■ **What you have to do**: The job is to output exactly the lines that run from the start of the entries through the line containing "All right, everybody.", pictures omitted.

■ **Supplied entries**:

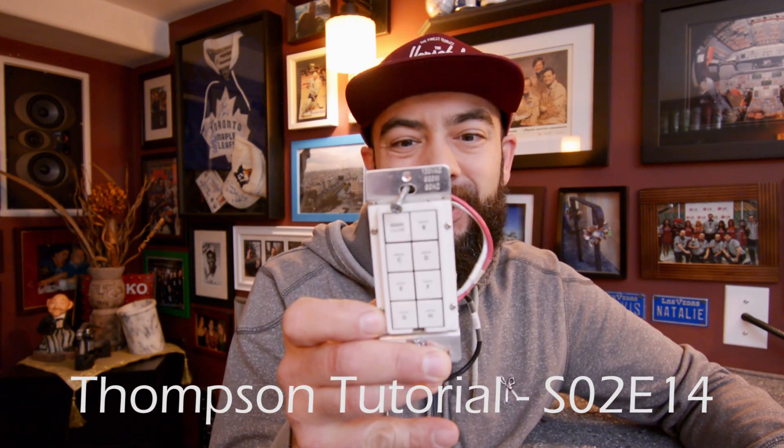Welcome back to the channel. Today we're going to install an Insteon keypad link dimmer and an Insteon dimmer switch.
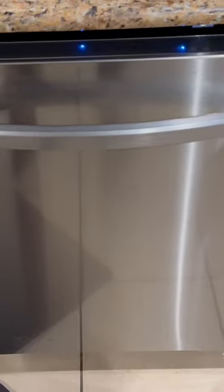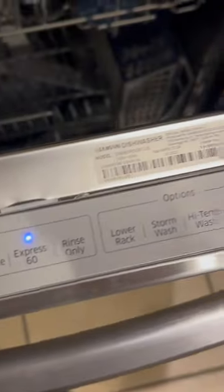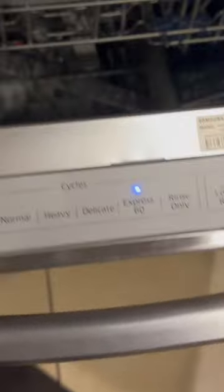All right, everybody. So today we're going to take a really quick look at the brand new Samsung Stormwash 24 inch dishwasher by Samsung. It's got the little buttons right here up on the top, and it's got the little sleek design. I'm going to take a look at that.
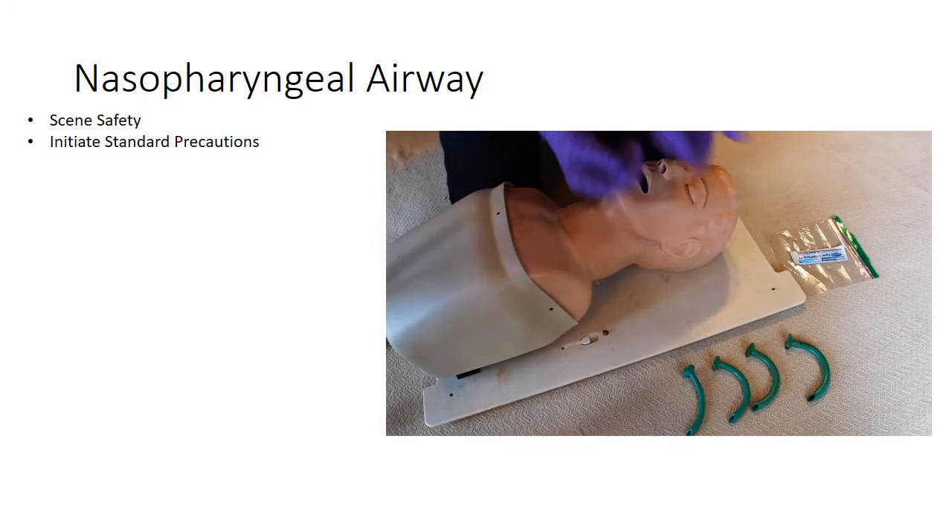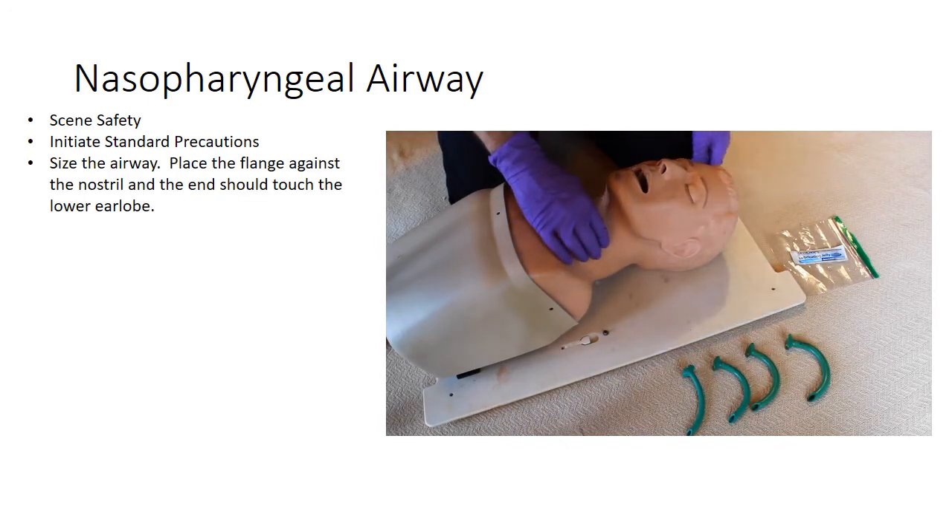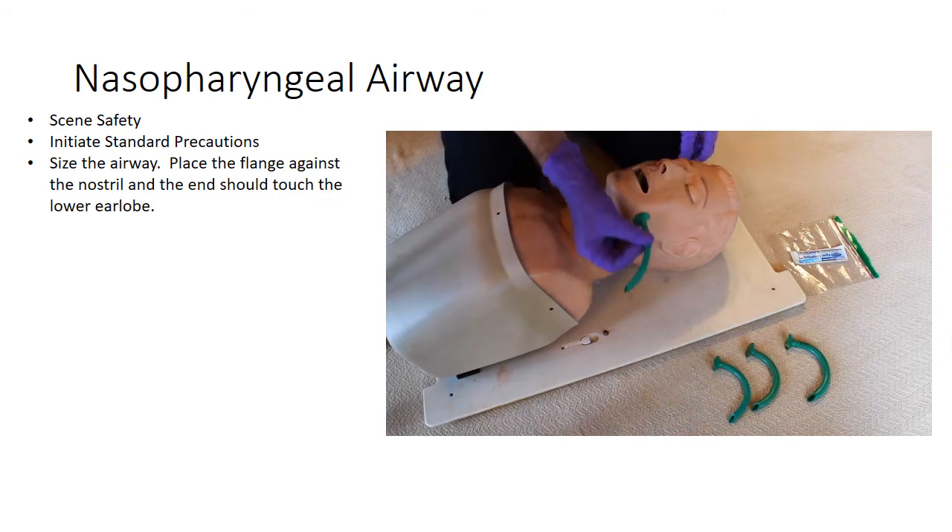Initiate standard precautions and size the nasopharyngeal airway. Place the flange against the nostril — the end should touch the patient's lower earlobe.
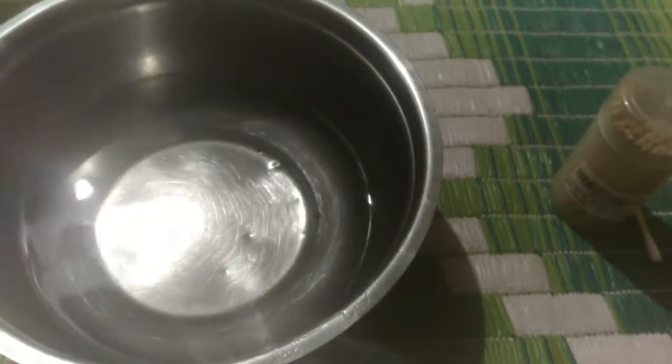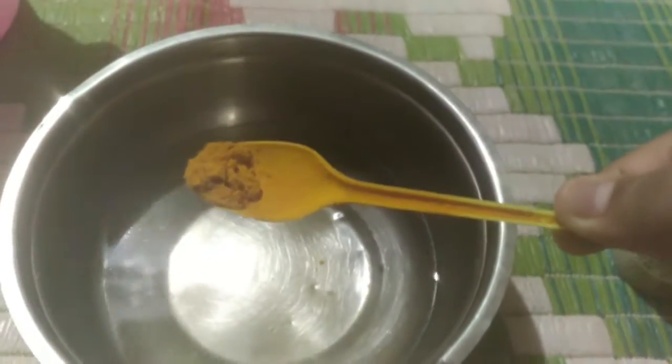We'll put around half a teaspoon of turmeric to this and give a mix to the water. This would add that color to the gold, so that's the reason you're using turmeric. It's been around 10 to 15 minutes and we can see the dirt has started coming off.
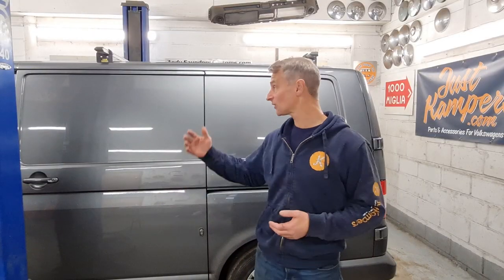Our make-do-and-mend project on Steve the Chippy's builder's wagon is completed. As per the MOT advisories, we've replaced the front brake discs and pads, and Steve's van is ready to go back to work.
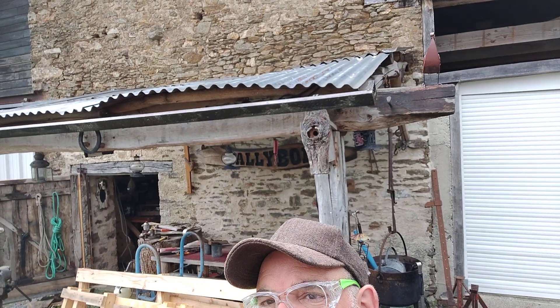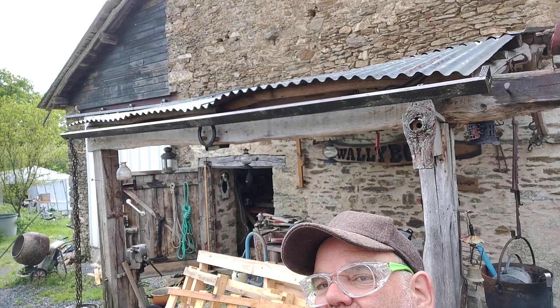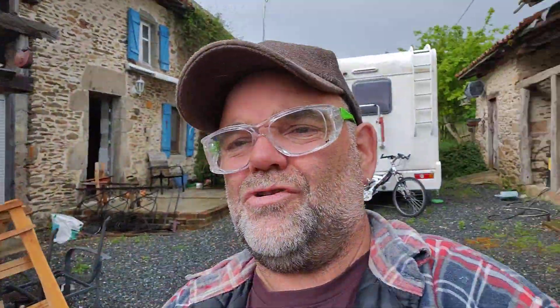Well there it is — that's wooden guttering. Just like two bits of wood, screwed and sealed together, a bit of mastic, what have you. And yeah, it catches the water off that wonky tin. That's deliberately wonky, you see — it's called art. Well, that's my wonky tin roof.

■ **Reply**:
Welcome back to the channel. Today we're going to install an Insteon keypad link dimmer and an Insteon dimmer switch.
All right, everybody. So today we're going to take a really quick look at the brand new Samsung Stormwash 24 inch dishwasher by Samsung. It's got the little buttons right here up on the top, and it's got the little sleek design. I'm going to take a look at that.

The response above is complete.